Les banques, en tant
qu’intermédiaire financier, peuvent répartir cette épargne où elles veulent. L’épargne
issue du futur Livret défense ne sera pas forcément fléchée en totalité vers
des entreprises françaises du secteur de la défense car « les épargnants
n’ont jamais véritablement la main sur leur épargne ».
Un
modèle de financement peu efficace ?
Reste la question éthique,
celle du financement de la défense. « Les épargnants potentiellement
attirés par le Livret défense doivent être convaincus par cette idée »,
relève Jézabel Couppey-Soubeyran. Mais aussi la problématique de la liquidité
du produit d’épargne proposé. Le Livret défense est ouvert à partir d’une mise
de départ de 500 euros, mais surtout, ce compte reste bloqué pendant cinq ans.
« Il faut renoncer à la liquidité. Toute la question est de savoir si les 5%
potentiellement promis récompensent suffisamment ce renoncement », soulève-t-elle.

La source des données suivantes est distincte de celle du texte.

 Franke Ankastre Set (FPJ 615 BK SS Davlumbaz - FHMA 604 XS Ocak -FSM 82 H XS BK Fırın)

D’autant plus que le Livret A, en parallèle, est un produit d’épargne liquide, qui
permet aux Français de retirer de l’argent à tout moment.
Par ailleurs, pour
l’économiste, mobiliser l’épargne des Français vers la défense via la création
d’un produit d’épargne n’est pas forcément pertinent. « Si on veut que les
banques financent la défense, la transition écologique ou certains secteurs
essentiels à l’autonomie stratégique, il faut que par la régulation, on arrive
à orienter leurs crédits vers ces investissements jugés prioritaires. Il me
semble que ce serait une meilleure façon - plus efficace, plus directe - de
procéder », plaide-t-elle.
Pour une
réorientation structurelle de la politique monétaire
Pour elle, la
politique monétaire de la Banque centrale européenne (BCE) devrait être
davantage structurelle et s’inspirer de ce que fait la Chine en matière
d’orientation, de volume et de coût du crédit. Ou encore de ce que fut le
système d’encadrement du crédit appliqué en France jusque dans les années 1980.
L’économiste note
une évolution en ce sens de la part de la BCE. En juin dernier, l’institution
européenne a déclaré une mise en place de portefeuilles structurels de titres,
qui se veulent être « des opérations de refinancement, d’apport de liquidité aux
banques » dans une perspective de long terme.
Le récent accord commercial entre l’Union européenne et
les États-Unis, en vigueur depuis le 1er août, qui inclut des achats d’armement
made in USA, jette cependant une ombre sur cette stratégie de financement européen.
Car, tout en prônant l'autonomie stratégique en matière
de défense et en augmentant les crédits qui lui sont alloués, les nations
européennes continuent bel et bien de remplir les carnets de commande du
complexe militaro-industriel étasunien.